7.             Limitation of Consequential Damages. Under no circumstances, whether as a result of breach of contract, warranty, tort (including without limitation negligence) or any other claim or cause of action, will either party be liable to the other for any incidental, special, exemplary, punitive or other consequential damages suffered or incurred as a result of or related in any way to the manufacture, distribution or operation of the Product, even if the other party has been advised in advance of the possibility of such damages.
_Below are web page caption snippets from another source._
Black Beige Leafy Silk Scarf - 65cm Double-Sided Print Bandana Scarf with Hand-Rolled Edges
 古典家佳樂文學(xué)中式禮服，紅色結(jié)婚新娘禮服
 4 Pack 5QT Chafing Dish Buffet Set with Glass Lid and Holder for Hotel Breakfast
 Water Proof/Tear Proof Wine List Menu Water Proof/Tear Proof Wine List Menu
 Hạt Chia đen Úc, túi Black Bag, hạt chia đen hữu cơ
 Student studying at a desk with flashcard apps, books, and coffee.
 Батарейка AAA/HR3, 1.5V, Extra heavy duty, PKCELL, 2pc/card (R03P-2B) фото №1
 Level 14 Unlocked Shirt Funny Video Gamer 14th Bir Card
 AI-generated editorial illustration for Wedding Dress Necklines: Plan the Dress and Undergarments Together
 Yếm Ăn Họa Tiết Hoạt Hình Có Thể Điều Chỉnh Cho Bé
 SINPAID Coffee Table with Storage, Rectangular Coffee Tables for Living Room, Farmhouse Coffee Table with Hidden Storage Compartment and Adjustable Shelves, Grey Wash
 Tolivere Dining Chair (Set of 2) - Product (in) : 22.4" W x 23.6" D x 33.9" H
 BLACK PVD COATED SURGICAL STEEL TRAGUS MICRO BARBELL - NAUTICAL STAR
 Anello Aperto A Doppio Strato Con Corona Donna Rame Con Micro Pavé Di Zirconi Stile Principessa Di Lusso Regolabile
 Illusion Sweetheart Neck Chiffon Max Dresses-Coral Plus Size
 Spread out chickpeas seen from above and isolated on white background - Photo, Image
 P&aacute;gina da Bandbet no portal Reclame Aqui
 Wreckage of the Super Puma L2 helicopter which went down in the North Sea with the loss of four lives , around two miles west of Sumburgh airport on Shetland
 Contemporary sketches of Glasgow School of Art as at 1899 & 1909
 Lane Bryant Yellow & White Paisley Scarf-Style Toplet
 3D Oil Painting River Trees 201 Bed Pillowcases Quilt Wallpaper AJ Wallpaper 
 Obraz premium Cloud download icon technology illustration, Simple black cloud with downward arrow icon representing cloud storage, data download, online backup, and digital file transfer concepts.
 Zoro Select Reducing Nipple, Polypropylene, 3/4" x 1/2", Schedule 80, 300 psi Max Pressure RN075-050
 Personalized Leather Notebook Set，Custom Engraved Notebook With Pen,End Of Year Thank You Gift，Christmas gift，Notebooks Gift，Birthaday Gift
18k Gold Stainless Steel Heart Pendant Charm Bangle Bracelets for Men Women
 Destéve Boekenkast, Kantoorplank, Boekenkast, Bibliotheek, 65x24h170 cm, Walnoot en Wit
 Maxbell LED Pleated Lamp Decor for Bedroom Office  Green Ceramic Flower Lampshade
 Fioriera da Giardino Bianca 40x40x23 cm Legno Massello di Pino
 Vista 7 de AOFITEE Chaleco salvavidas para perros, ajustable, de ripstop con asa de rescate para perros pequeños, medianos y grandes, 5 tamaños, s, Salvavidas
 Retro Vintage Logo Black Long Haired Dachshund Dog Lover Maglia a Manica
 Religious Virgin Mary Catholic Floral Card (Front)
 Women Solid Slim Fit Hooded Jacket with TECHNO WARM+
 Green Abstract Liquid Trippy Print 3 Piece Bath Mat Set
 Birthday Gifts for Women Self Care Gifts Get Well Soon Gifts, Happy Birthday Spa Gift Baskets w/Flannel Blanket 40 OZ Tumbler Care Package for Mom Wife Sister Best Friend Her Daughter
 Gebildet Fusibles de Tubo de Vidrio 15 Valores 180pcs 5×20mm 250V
THE PROVISIONS OF THIS SECTION 7 ARE NOT INTENDED TO, AND UNDER NO CIRCUMSTANCES SHALL BE INTERPRETED AS, LIMITING IN ANY MANNER DISTRIBUTOR’S RIGHTS TO ENFORCE ANY REMEDY AT LAW OR AT EQUITY OTHERWISE AVAILABLE TO DISTRIBUTOR IN CONNECTION WITH THE ADVANCE AGREEMENT OR THE BREACH OF THE ADVANCE AGREEMENT BY PUBLISHER OR ANY AFFILIATE OF PUBLISHER.

8.
Term and Termination.

(a)         Term.     Except as otherwise provided herein, this Agreement shall remain in full force and effect from the date of this Agreement until three (3) years from the date of this Agreement (the “Term”).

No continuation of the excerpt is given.